Everything in the listing below must be reproduced exactly, apart from its images.

[[ RECORDED INFORMATION, beginning ]]

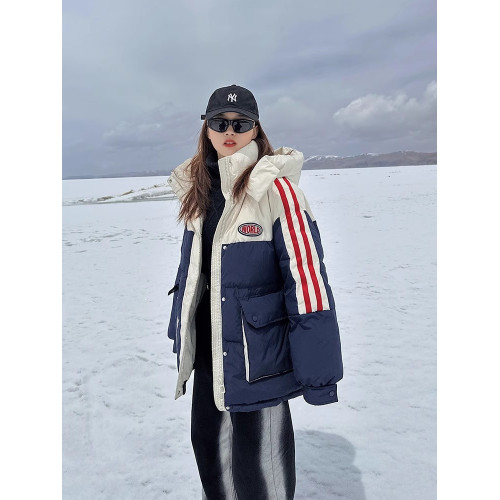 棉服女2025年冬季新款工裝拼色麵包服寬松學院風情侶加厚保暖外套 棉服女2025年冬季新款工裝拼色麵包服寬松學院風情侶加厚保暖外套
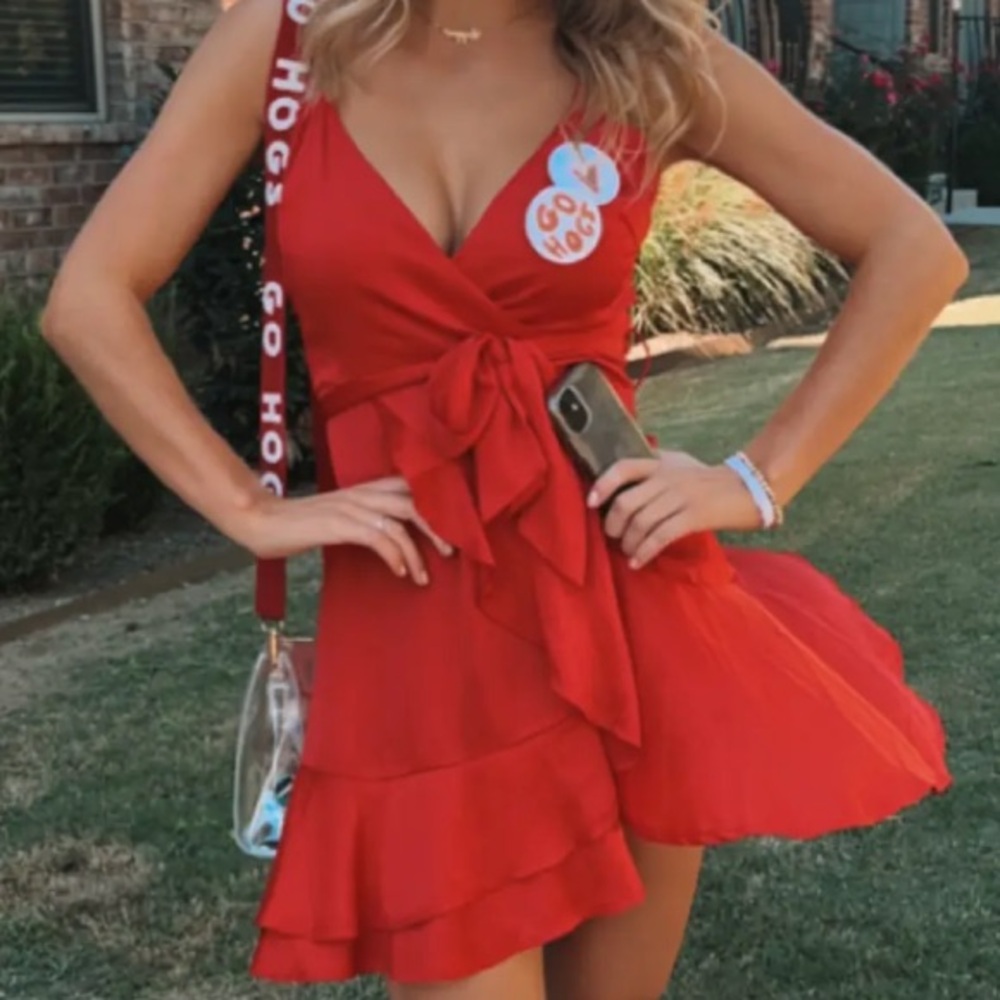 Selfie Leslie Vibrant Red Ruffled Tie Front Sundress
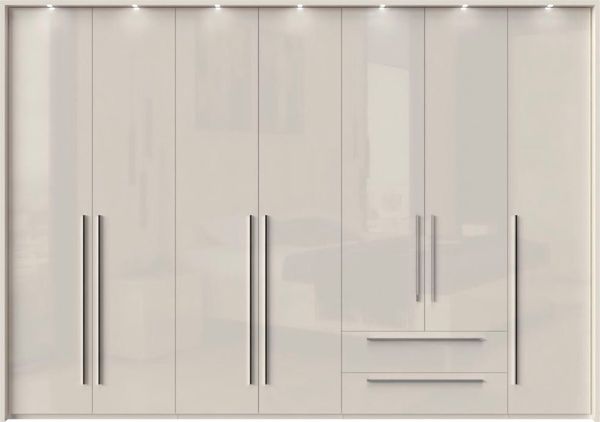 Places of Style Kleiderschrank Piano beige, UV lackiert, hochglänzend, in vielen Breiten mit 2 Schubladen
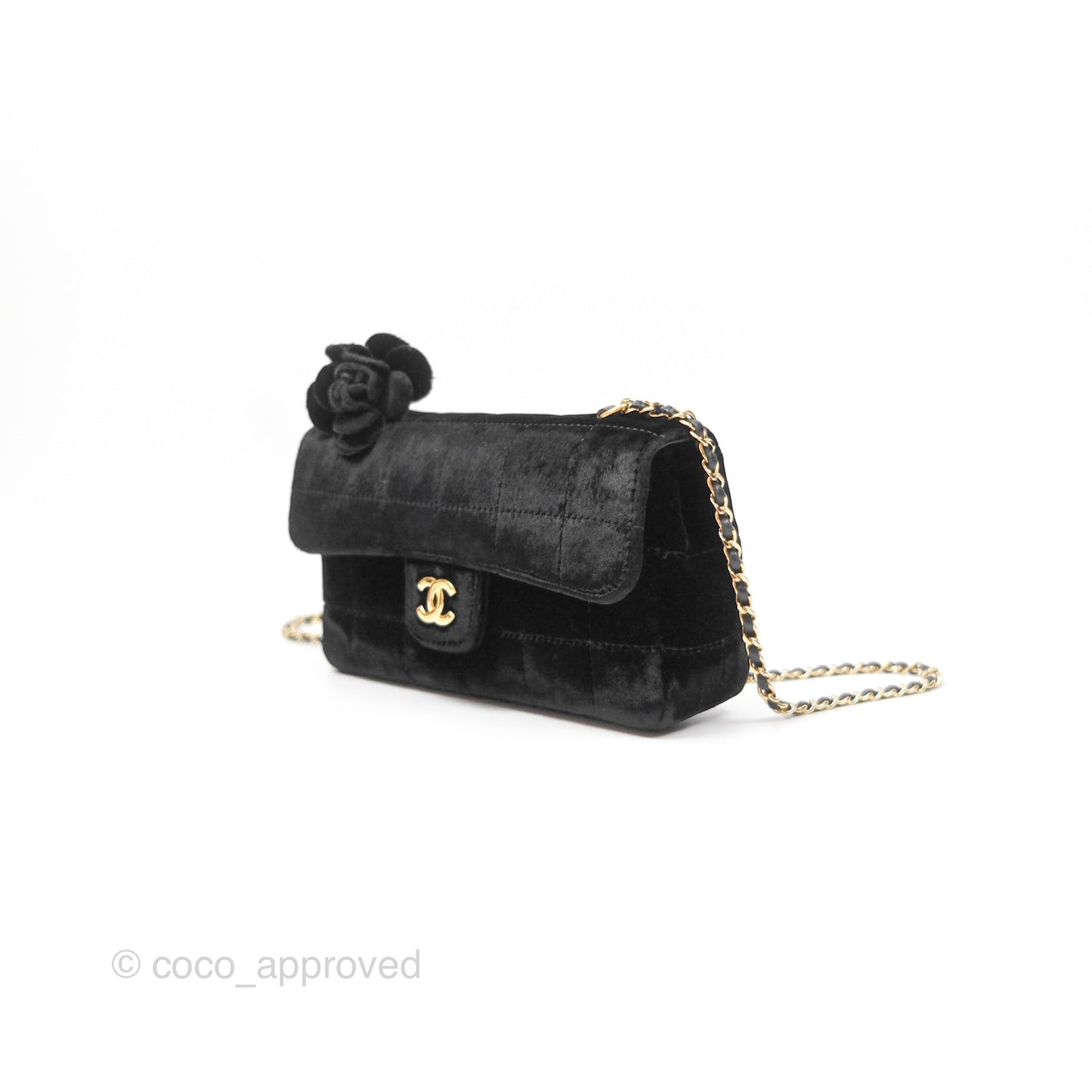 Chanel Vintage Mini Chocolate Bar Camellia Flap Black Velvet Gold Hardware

[[ RECORDED INFORMATION, end ]]

SOLUTION FOR THIS PROBLEM ▸
 棉服女2025年冬季新款工裝拼色麵包服寬松學院風情侶加厚保暖外套 棉服女2025年冬季新款工裝拼色麵包服寬松學院風情侶加厚保暖外套
 Selfie Leslie Vibrant Red Ruffled Tie Front Sundress
 Places of Style Kleiderschrank Piano beige, UV lackiert, hochglänzend, in vielen Breiten mit 2 Schubladen
 Chanel Vintage Mini Chocolate Bar Camellia Flap Black Velvet Gold Hardware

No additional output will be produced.